We did not provide a callback for this failure, as this is not a true run-time
failure, but something that the developer can observe while trying to get the
network to run on the delegate.

## Tips for optimization

Some operations that are trivial on the CPU may have a high cost for the GPU.
One class of such operation is various forms of reshape operations, including
`BATCH_TO_SPACE`, `SPACE_TO_BATCH`, `SPACE_TO_DEPTH`, and so forth.
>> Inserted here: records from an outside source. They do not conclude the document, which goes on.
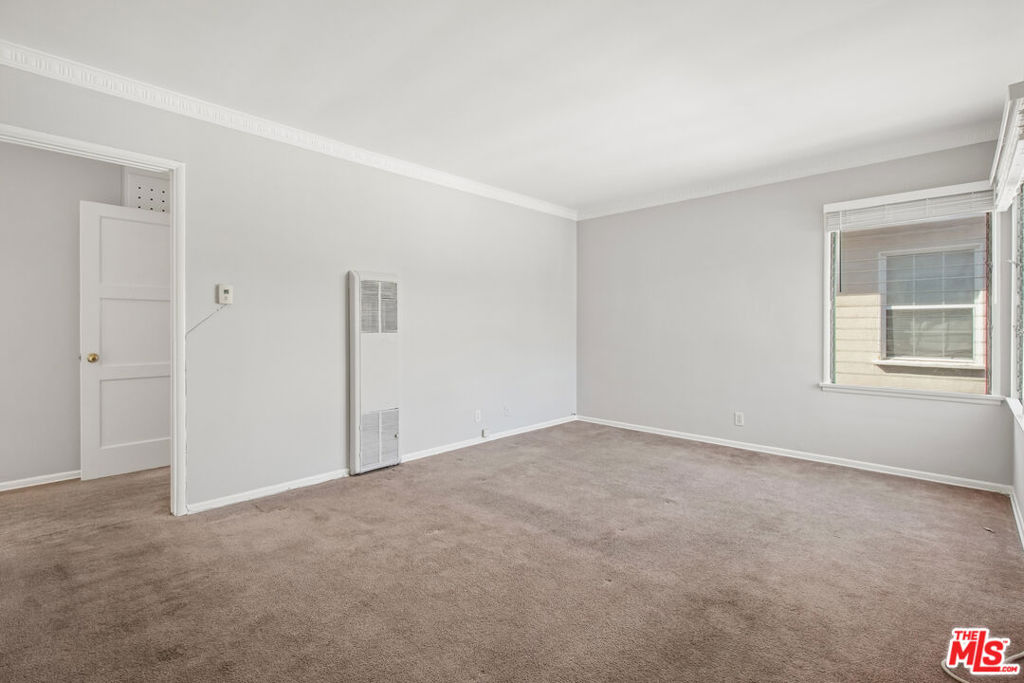 4951 Cahuenga Boulevard 4951a Property Photo 6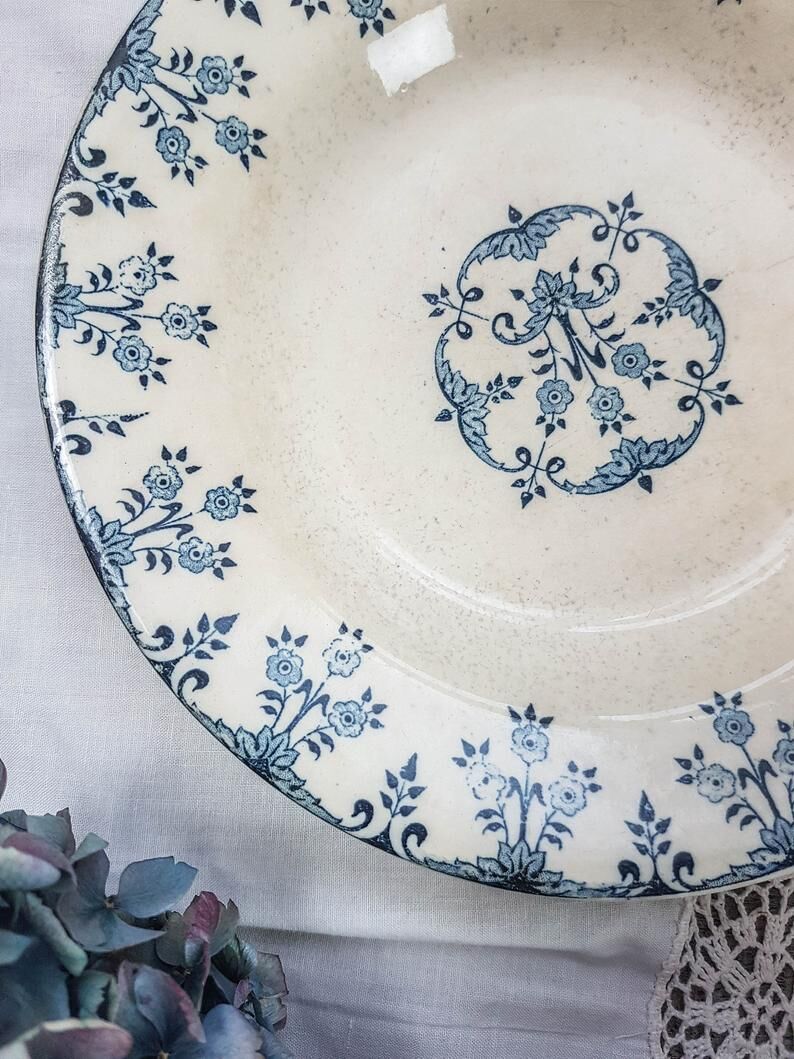 Lot 6 assiettes creuses dépareillées Terre de fer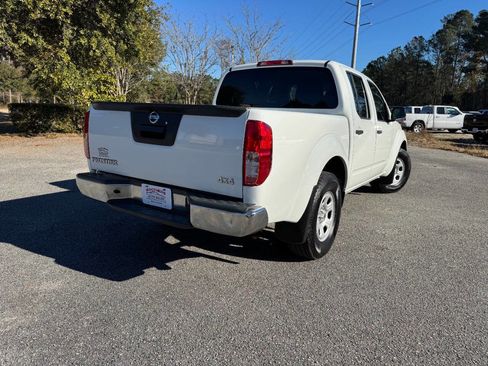 Used 2013 Nissan Frontier S image 33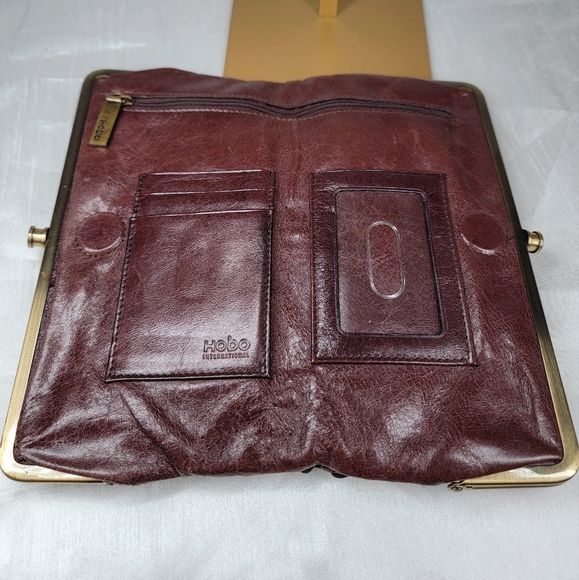 Hobo The Original Brown Leather Stitch Wallet Magnetic & Kiss Lock Closure - Picture 4 of 8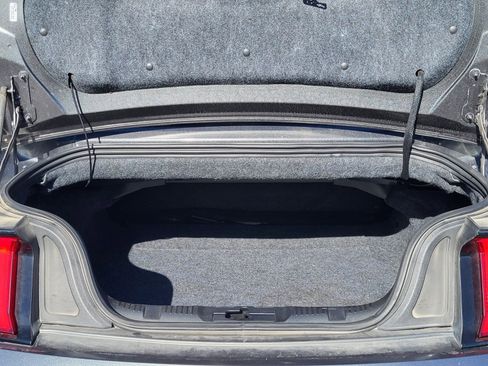 Certified 2019 Ford Mustang Convertible image 29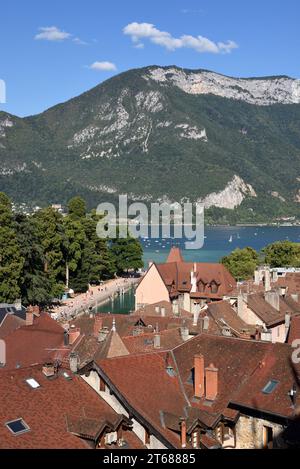Vue sur les toits de la vieille ville d'Annecy avec le lac d'Annecy en arrière-plan haute Savoie France Banque D'Images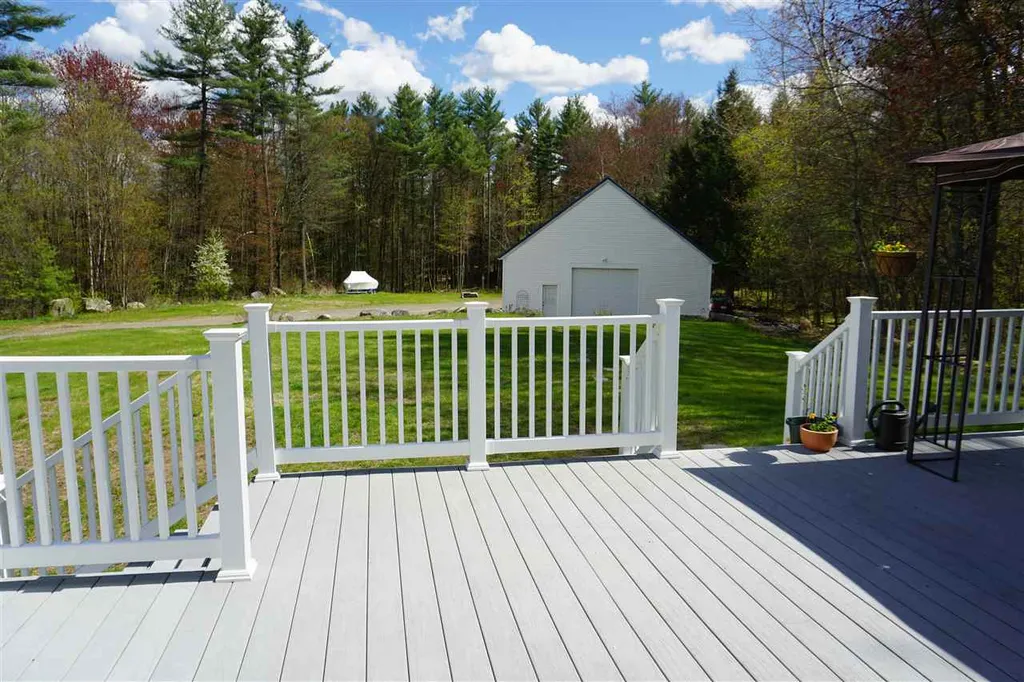 339 Church Road Pembroke NH 03275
If those ops
are inserted into the network just for the network architect's logical thinking,
it is worth removing them for performance.

On GPU, tensor data is sliced into 4-channels. Thus, a computation on a tensor
of shape `[B,H,W,5]` will perform about the same on a tensor of shape
`[B,H,W,8]` but significantly worse than `[B,H,W,4]`.

In that sense, if the camera hardware supports image frames in RGBA, feeding
that 4-channel input is significantly faster as a memory copy (from 3-channel
RGB to 4-channel RGBX) can be avoided.

For best performance, do not hesitate to retrain your classifier with a
mobile-optimized network architecture. That is a significant part of
optimization for on-device inference.